For whatever reason, judges are accorded the type of respect, that even the President of the United States or our own parents are not privileged with.  That is to say, in a court of law, judges are typically expected to be addressed as “your honor,” but the President of the United States, as exemplified by our founding father, President Washington, insisted on nothing more than the title of Mr. President.  So too, our parents are not ever addressed as something akin to “your lady” or “your lord”; so then, to believe that somehow a judge, should be addressed as something that sounds superior to our parents or to the President of the United States is fundamentally unsound.

 

In this country, while it is a part of civil discourse, to deal with one another in a polite manner, that respects the other, it has to be said, that “your honor” seems to clearly be not in accordance with a country that specifically believes as per its Constitution that “No Title of Nobility shall be granted by the United States…”  Indeed, it is hard to see a title such as “your honor” as anything other than what stands in as a title of nobility, and therefore this should not be part of our justice system, as there are plenty of alternatives to “your honor” which would still demonstrate respect for the judge, but would not require those judges to be addressed as “your honor” such as Sir or Madam, Mr. or Mrs. or Ms. Judge, or if they have a doctorate, as Dr.

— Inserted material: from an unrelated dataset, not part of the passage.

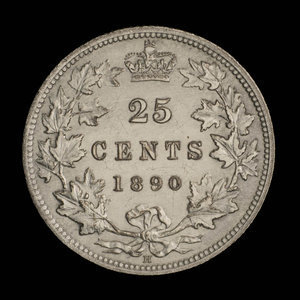 Canada, Victoria, 25 cents : 1890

Judge.

 

While there needs to be proper decorum in a courtroom, it is not necessary though that a judge need be addressed as “your honor,” as if any other reasonable salutation is considered to be not respectful enough.  Those who are our court judges are not of more importance than our parents, or of the President of the United States, or many other professions of importance, in which none of those people are ever addressed as “your honor”  or its equivalency.

 

Additionally, a courtroom should never be a place in which potentially those that are in front of that judge, aren’t judged via the merits of the case, equally applied, but rather are judged by their respect or disrespect to the judge, and of which the facts of the case then are almost an irrelevancy.  Those who are judges should simply be dealt with in a professional manner, and therefore need not be addressed in a way that seemingly confers onto them, the impression of nobility when there are no noble positions within America.  After all, we live in a nation that believes that it should be governed by the people, for the people, and of the people, with equality for all, of which, each person therefore has the same legal rights, and nobody, no matter how educated or esteemed, should be seen as being somehow above the other or the law, but rather, all are under the same law, even those that currently answer to “your honor.”